Integrated circuits fabricated in silicon-on-insulator ("SOI") substrates offer various performance advantages. A commercially fabricated silicon-on-insulator wafer may be generally classified into one of two types. A SIMOX (separation by implanted oxygen) wafer is one type which generally includes an oxide layer in a bulk wafer which is obtained by implanting oxygen ions in the bulk wafer and then annealing the wafer. The second type is a bonded SOI wafer which may be produced by forming a thermal oxide layer on the surface of a bulk wafer and then directly bonding a device wafer on the thermal oxide layer.
In the case of the bonded SOI wafer, if impurity particles exist in the interface between the bulk wafer and the device wafer after the bonding process, the device may be useless commercially. Therefore, the bonding process is generally performed in a super-clean room in order to attempt to prevent the interface between the bulk wafer and the device wafer from being contaminated by impurity particles. However, in practice, it is generally not possible to carry out a bonding process without generating some impurity particles. Therefore, in some cases, impurity particles exist in the interface between the wafers after bonding the device wafer to the bulk wafer. As a result, if impurity particles exist, a debonding process may be provided to allow removal of the impurity particles.

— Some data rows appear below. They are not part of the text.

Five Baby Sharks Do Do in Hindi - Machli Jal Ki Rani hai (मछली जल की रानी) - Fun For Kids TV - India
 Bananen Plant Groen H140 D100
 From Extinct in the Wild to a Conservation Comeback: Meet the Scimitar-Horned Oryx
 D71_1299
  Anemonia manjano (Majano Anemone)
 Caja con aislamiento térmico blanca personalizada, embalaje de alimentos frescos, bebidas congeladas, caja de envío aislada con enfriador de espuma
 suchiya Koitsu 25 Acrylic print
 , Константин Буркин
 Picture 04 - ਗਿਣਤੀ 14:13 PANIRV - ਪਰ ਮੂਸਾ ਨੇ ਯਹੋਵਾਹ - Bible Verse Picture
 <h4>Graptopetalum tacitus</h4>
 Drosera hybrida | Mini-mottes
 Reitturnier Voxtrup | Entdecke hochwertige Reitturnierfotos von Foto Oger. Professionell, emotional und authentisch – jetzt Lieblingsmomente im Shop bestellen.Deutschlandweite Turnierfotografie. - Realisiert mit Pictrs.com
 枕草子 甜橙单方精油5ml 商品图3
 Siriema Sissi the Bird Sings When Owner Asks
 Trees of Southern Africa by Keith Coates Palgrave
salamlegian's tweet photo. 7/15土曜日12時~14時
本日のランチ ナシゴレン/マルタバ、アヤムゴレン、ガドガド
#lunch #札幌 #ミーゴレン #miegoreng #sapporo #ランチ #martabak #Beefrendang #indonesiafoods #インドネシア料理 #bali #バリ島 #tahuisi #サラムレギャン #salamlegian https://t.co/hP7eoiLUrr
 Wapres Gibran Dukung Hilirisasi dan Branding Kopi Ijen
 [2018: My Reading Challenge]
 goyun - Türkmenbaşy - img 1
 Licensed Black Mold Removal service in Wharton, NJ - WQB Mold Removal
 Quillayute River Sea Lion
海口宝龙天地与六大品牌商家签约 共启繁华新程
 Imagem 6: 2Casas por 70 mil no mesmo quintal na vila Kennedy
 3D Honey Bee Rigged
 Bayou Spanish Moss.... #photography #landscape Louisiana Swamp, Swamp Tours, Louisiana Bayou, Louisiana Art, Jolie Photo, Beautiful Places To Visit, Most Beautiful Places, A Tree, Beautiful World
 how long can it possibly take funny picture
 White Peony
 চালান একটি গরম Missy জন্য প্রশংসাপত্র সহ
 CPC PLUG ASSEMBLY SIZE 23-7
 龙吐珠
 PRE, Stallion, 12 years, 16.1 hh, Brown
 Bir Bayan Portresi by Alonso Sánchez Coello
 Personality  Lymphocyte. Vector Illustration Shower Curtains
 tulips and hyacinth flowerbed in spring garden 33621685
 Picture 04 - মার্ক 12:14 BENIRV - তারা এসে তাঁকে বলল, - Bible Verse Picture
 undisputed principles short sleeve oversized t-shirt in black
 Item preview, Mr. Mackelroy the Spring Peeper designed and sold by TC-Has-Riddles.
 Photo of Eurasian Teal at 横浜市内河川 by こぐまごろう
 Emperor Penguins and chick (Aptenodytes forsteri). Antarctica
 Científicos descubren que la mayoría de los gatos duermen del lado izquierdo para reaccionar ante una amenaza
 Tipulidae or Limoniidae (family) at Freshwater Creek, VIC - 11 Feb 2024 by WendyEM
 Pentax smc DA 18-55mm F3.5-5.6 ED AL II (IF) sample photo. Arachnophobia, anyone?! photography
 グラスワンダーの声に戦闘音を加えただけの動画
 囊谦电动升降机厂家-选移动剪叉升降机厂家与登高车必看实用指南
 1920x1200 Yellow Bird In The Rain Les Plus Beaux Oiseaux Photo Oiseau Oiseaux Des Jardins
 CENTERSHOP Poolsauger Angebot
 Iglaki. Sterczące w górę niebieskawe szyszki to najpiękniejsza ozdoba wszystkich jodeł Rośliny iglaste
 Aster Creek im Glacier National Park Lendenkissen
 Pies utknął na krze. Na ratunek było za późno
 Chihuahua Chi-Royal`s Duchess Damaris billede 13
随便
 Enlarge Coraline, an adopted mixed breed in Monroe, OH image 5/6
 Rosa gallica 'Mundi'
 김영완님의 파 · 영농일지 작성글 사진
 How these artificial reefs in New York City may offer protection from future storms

FIGS. 1A and 1B are cross-sectional views illustrating a conventional wafer debonding method. As illustrated in FIG. 1A, after forming thermal oxide layer 30 on bulk wafer 10, device wafer 20 is directly bonded on thermal oxide layer 30 to form bonded wafer 60. If it is determined that impurity particles exist in the interface between bulk wafer 10 and device wafer 20 requiring debonding, razor blade 40 is inserted between bulk wafer 10 and device wafer 20, and the bonded wafers are debonded manually by hands 50 as shown in FIG. 1B.
With the conventional method of debonding as illustrated in FIGS. 1A and 1B, while the thickness of each of bulk wafer 10 and device wafer 20 is thin, the bonding strength between the wafers is typically too strong to separate the wafers with bare hands alone. Therefore, razor blade 40 is inserted as an auxiliary tool for debonding bonded wafer 60.
However, razor blade 40 may cause undesirable scratches around edges of bulk wafer 10 and device wafer 20, causing a scratch in the surfaces of the wafers. Since this scratch typically can not be eliminated even if the debonded wafers are rebonded after cleaning, the wafers having a scratch may need to be discarded, thereby increasing processing costs.